Ipswich's median house price hit $901,825 in the March 2026 quarter, up 5.23% quarter-on-quarter, the strongest quarterly house growth among the major Greater Brisbane growth corridors alongside Moreton Bay, according to REIQ. Moreton Bay's median house price reached $1.053 million in the same March 2026 quarter, up 5.3% quarter-on-quarter, fractionally ahead of Ipswich's pace.

That is a sharp jump inside three months, and it sits on top of the 17.28% annual house price growth in Ipswich noted above. The two figures measure different things: the annual number shows the twelve-month trend, the quarterly number shows the most recent momentum, and both are pointing the same direction in Ipswich right now.

For a buyer, both numbers are moving against anyone who waits: house prices are up 5.23% for the quarter, and units are climbing even faster on the annual figure.

Is Logan's Unit Market Under the Same Pressure?

Logan's median unit price climbed to $700,000 in the year to March 2026, up 22.77% annually, a similar pattern to Ipswich though slightly less pronounced, according to REIQ's Queensland Market Monitor. REIQ's March 2026 release did not isolate a house-specific growth figure for Logan, so this comparison is unit to unit, not unit to house.

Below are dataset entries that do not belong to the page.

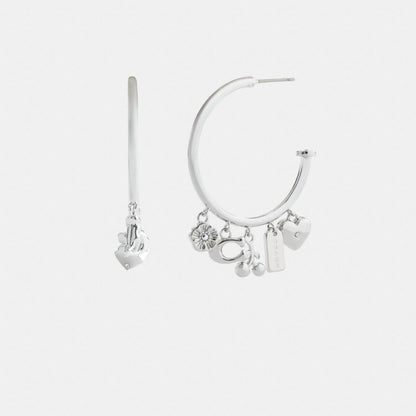 Coach Butterfly And Rexy Charm Hoop Earrings Silver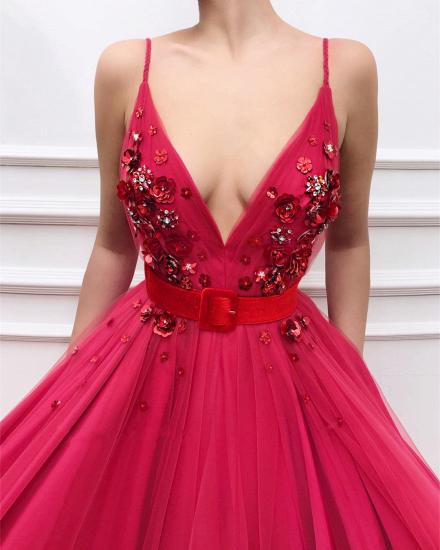 Sexy Spaghetti Straps V Neck Burgundy Prom Dress | Chic Tulle Flower Beading Long Prom Dress with Sash_3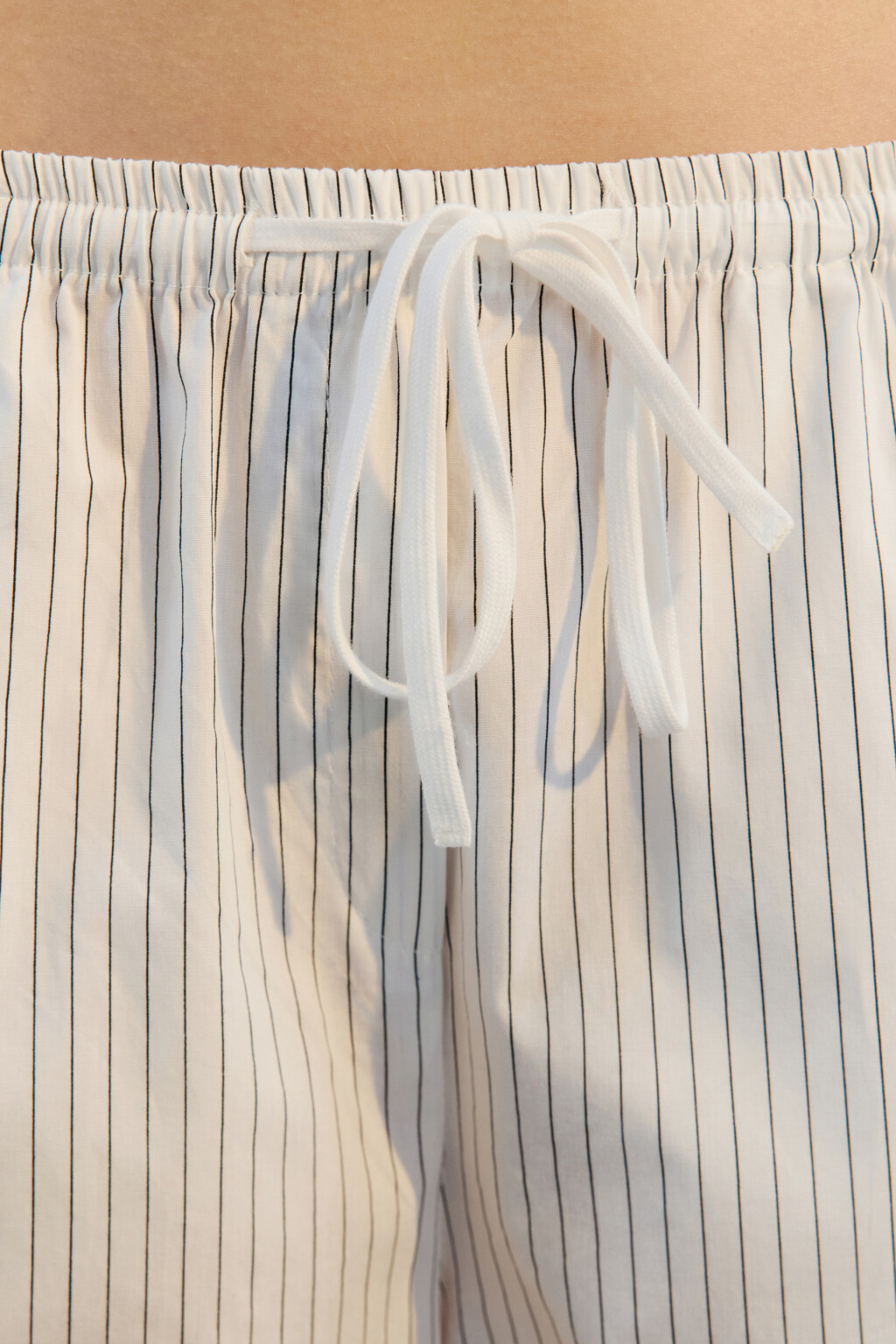 Брюки широкие хлопковые в полоску - цвет черный - 7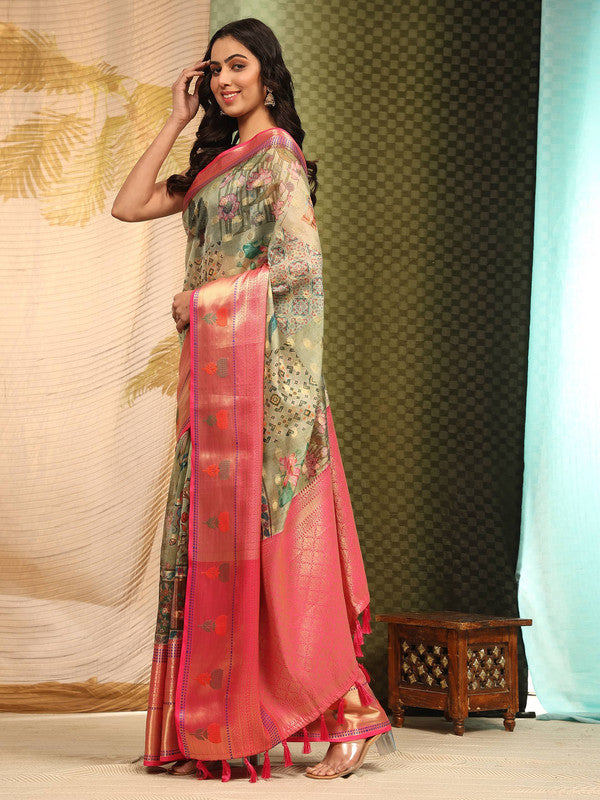 Multicolor Art Silk Digital Print Floral Saree with Unstitched Blouse - Hiral Fashion | Swadesiicart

Two corridors, two unit markets, both climbing faster than 20% a year. That pattern points to broad demand pressure across Logan and Ipswich rather than a one-off story in a single suburb.

Local councils in both LGAs have approved far more house-and-land subdivisions than unit developments over the current cycle, and a unit development typically takes longer to plan, finance and build than a single detached house on a titled lot. That lag between demand and supply is a large part of why unit prices in both corridors are being compressed upward.

Is It Better to Buy a Finished House Than Build in a Rising Market?

In a market moving this fast, many buyers value certainty over a long build timeline. Settling on a house that is already complete locks in the price and the finished product at contract, rather than leaving both exposed to a construction schedule while unit and house prices keep climbing around them.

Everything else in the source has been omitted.